4 graphs show the state of Facebook and Google’s revenue dominance


Image Credit: William Potter/Shutterstock

Our industry faces a well-known duopoly: Facebook and Google command an ever-increasing share of digital ad spend, both in the US and globally. I recently dug into the data and forecasts available to better quantify just how much Facebook and Google are eating digital. Here’s what I found:

Global ad spend to reach $674 billion

Global ad spend, across all channels (digital, TV, print, radio, outdoor, etc.) will grow annually on average by 5.6 percent from 2015 to 2020 and will reach $674 billion — from $513 billion in 2015.

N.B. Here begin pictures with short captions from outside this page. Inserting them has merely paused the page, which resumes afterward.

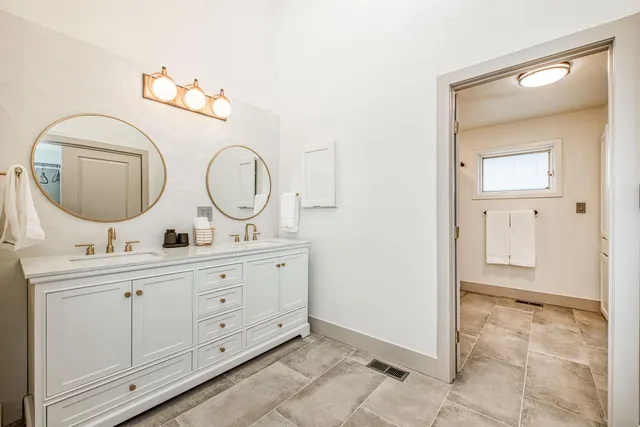 a view of bathroom with dual sinks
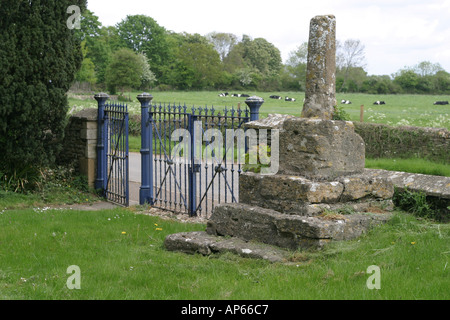 Base of ancient cross in churchyard of Langford church in Oxfordshire Stock Photo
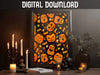 DIGITAL DOWNLOAD: halloween pumpkin pattern art print within elegant black frame in front of black wall sitting ontop of brown counter surrounded by halloween decor such as candles, papers, potted plant, and a black skull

The US market will represent 35 percent of the global ad market, reaching $234 billion by 2020, with a slightly slower growth rate compared to the global average, at 5 percent from 2015 to 2020. The higher average global growth will be due to rapidly developing markets in the East and a growing middle class that advertisers can focus on.

all ad channels

45% of US ad spend will be digital

33 percent of ad spend in the US was digital last year, and that is expected to reach 45 percent by 2020. In real numbers, that’s a $60-billion market growing to $105 billion, with a compounded annual growth rate (CAGR) of 11.9 percent.

The growth of digital is more than two times higher than the growth of the overall ad market, which represents a tremendous opportunity for digital businesses. More people are accessing content online, and more advertisers are spending their budgets online. Will the rising tide lift all ships?

US ad spend growth

Mobile ad spend to reach $77 billion

Ad spend on mobile will grow 141 percent from the $32 billion spent last year to $77 billion forecasted to be spent by 2020. And this is only in the US. That’s an impressive CAGR of 25 percent. The industry has talked about the “year of mobile” for over a decade; however, now we are going to see real revenue growth.

Because the growth of mobile ad spend is more than two times that of digital growth – and about five times that of the overall market growth – mobile will be 73 percent of all digital ad spend by 2020, up from 53 percent last year. How many digital businesses can say they are pacing to have three-fourths of their revenue come from mobile over the next few years?

US mobile ad spend growth

Facebook and Google are growing faster than you are

50 percent of mobile ad spend in the US was with Google and Facebook in 2015; that figure will be 71 percent by 2020. That’s $54 billion of the $77 billion spent on mobile in the US going to two companies, which is up from the $16 billion they generated combined last year from mobile in the US market.

I made these estimations by looking at eMarketer data, which breaks out both Facebook and Google’s ad revenue by platform and geography. I took their US mobile ad revenue from 2015 to 2017 and applied the same growth rate (26 percent) from 2017 to 2020. So the above forecast assumes that their growth rate stays constant. I feel this is a reasonable estimate given that the relative accelerated growth rate they are experiencing as of late may be offset by the absolute revenue figures we are talking about ($16 billion to $54 billion over a five-year period).

Google Facebook

A third player?

The good news is that the overall ad market, digital as a share of that, and mobile as a share of digital, are all growing. Digital advertising is a growing market, and it’s always good to be building a business in that situation.

The not-so-good news is that Facebook and Google are growing at faster rates than the industry, which means they will have an even more dominant market share and the advantages that come with that unique position.

I do think we will see a third player – and possibly a fourth – emerge over the next few years, providing marketers with an alternative to the current duopoly. The playbook for this has to be anchored on mobile and video. A few (obvious) companies come to mind, but many of the new digital entrants are considered one-trick ponies who have a killer feature or two on which they hinge their success.

What we do know is that everything changes, and in this industry, a little faster than we appreciate or realize. The third player may not be an obvious one.